After we first posted the doc yesterday, Deadspin picked it up and rebranded it thusly: "The Ultimate 'Fuck You' Legal Brief." Barry Petchesky then called Melsheimer to ask if it was all a big giggle -- its centerpiece, after all, is the giant photo of Cuban and the Mavs hoisting the Larry O'Brien Trophy. The former assistant U.S. Attorney for the Northern District of Texas says, no, it's merely ... "pointed," let's say.

"It's a humorous twist," he says, "but it has legal force. It makes a serious point that allegations of mismanagement are ridiculous. A substantial part of our defense is that the Mavericks are successful, and what more obvious success for an NBA team than an NBA championship?"

Coudn't one make the argument that a minority partner's goal is to maximize profit, not to win a title? Melsheimer dismisses that one. "Fundamentally in sports the most valuable franchises are the ones that win," he says. "You building brand loyalty, you build your fan base and you've build a tradition. Winning is the key to doing that. It's a long term thing, if and Mr. Perot doesn't see that, he's clearly not a basketball guy."

Incidentally, what does Junior thin of the filing, as if we had to ask. Not much, reports the Associated Press:

"Ross Perot Jr. remains an owner of this team ... and no one is more delighted in the team's successes on the court," Perot spokesman Eddie Reeves said Wednesday. "That's a different issue than the business matters that remain between Mr. Perot and Mr. Cuban."

Now, jump for our Q&A.

Melsheimer called this morning to talk about the filing .... and the response that followed after we initially posted it Wednesday morning.

At what point did you realize this wasn't going to be seen as just your average motion for summary judgment?

It's funny. I started getting emails from people I hadn't heard from in 20 years. They said, 'I'm in Des Moines,' 'I'm in Portland,' 'Greetings from Nag's Head, North Carolina.' It got on all these blogs and other things with wide circulation. Lawyers were emailing it around their firms.

It was pretty remarkable how it went vital pretty quickly. I've been scratching my head a little bit: Why did this go so viral? What was it about the filing? Was it the involvement of two billionaires? Is it the basketball element? Is it Mark's notoriety? Was it the fact we used a picture in the brief, which is unusual? I don't think you can point to one aspect. Locally if you look at the media coverage on TV, its the bickering billionaires that seemed to be the theme. Channel 8 and 5, that was their spin on it. But I think when you combine something that has multi-jurisdictional interest, if you will, between sports and business and personalities ... I mean, TMZ called me. I didn't know if they were going to take a picture of me coming out of my house in the morning. I never thought TMZ would be interested.

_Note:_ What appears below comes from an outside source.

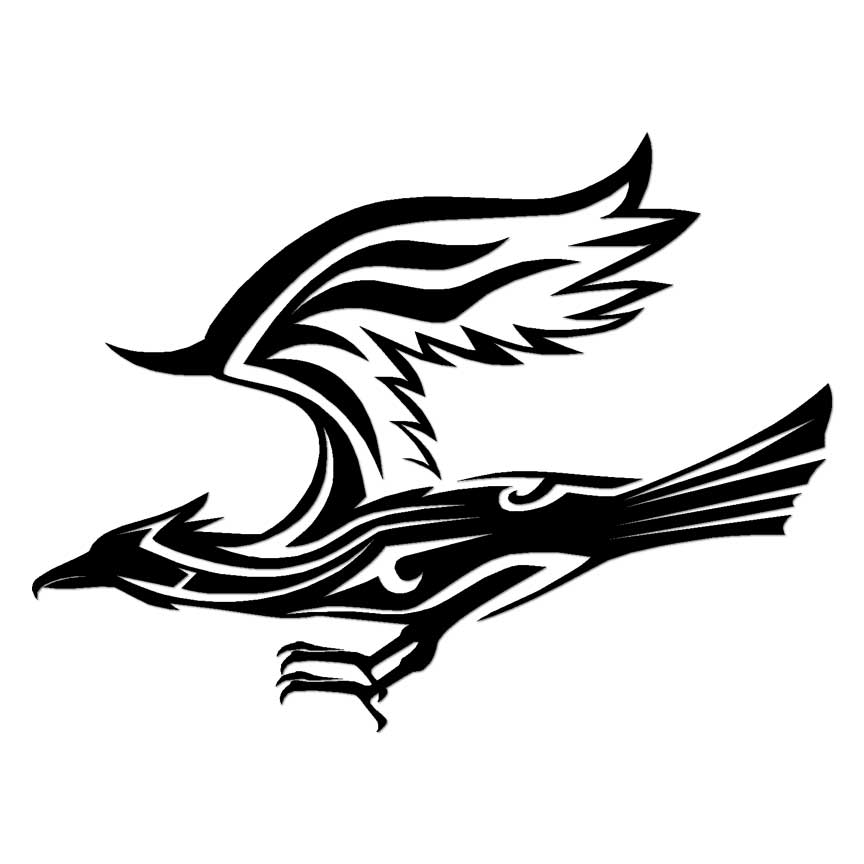 Tribal Falcon Eagle, Vinyl Decal Sticker, Multiple Colors & Sizes #6672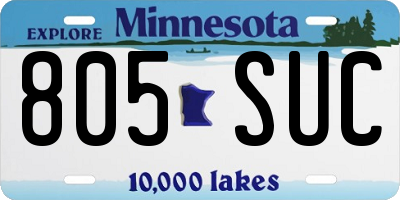 MN license plate 805SUC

You had to have been stunned.

I thought it would get a lot of coverage locally, but it got more nationally and internationally. The TV news was all over it, but it was interesting how it became a bigger issue outside of Dallas.

Were you concerned that people coming to this case fresh would think you were, oh, I don't know, making light of Perot's legal claims?

At the end of the day, although this was a colorful way of doing it, it fundamentally states our defense, which is the Mavericks have been successful, therefore they cannot be found to have been mismanaged. You can put up financial statements, evaluation and expert testimony, but since the name of the game is to win, the Mavericks having won the title for me is the best rebuttal. Are there other technical points Perot is raising? Yes. And we get that. But its a very odd situation.

This isn't about the alleged mismanagement of the Mavericks. This is about Perot wanting out of the team, because it was pretty dubious a year ago when he filed it, but a year later it looks silly.

The case has been dormant for months ...

That's often an indication of how the plaintiff views their case. If they're not doing anything, it typically means they're not sure they can win.